Type of Document Master's Thesis
Author Siracusa, Anthony Christopher III
Author's Email Address anthony.c.siracusa.iii@vanderbilt.edu
URN etd-03232015-131407
Title Building the Most Durable Weapon: The Origins of Non-Violence in the U.S. Struggle for Civil Rights
Degree Master of Arts
Department History
Advisory Committee
Advisor Name Title
Dennis C. Dickerson Committee Member
Samira Sheikh Committee Member
Keywords
  • bayard rustin
  • aj muste
  • a phillip randolph
  • social history
  • us politics
  • civil rights
  • nonviolence
  • james farmer
Date of Defense 2015-04-30
Availability unrestricted
Abstract
This paper attempts to deepen historical understanding of how non-violence became a vital force in modern US politics. It interrogates the indelible association between the Rev. Dr. Martin Luther King, Jr. and non-violent action, arguing that Kingian origin narratives of non-violence obscure historical apprehension of the long process of intellectual, tactical, and spiritual experimentation that produced a new kind of weapon in the United States.

The history in this manuscript suggests that a legible non-violent praxis was developed in a partnership between A.J. Muste’s Fellowship of Reconciliation (FOR) and A. Phillip Randolph’s all-black March on Washington Movement (MOWM) in the early 1940s.

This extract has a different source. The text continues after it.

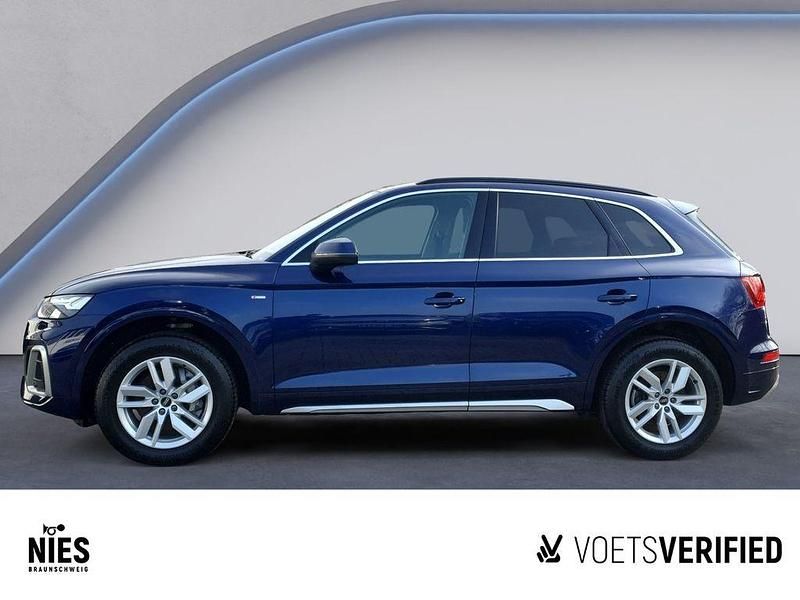 Gebraucht Audi Q5 S-Line 204 PS (150 kW) 2023 Blau SUV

Despite the yawning divide between each movement on questions of race and war, this collaboration between the MOWM and the FOR launched a dialogical process of intellectual exchange and tactical experimentation that made legible a form of non-violence in US politics. Gandhi’s Quit India Campaign of 1942 inspired this collaboration, and the movement interpenetration between FOR and MOWM activists during the “Gandhian Moment” of 1942 hastened the development and diffusion of a non-violent praxis nearly two decades before the sit-in revolution swept across the United States in 1960.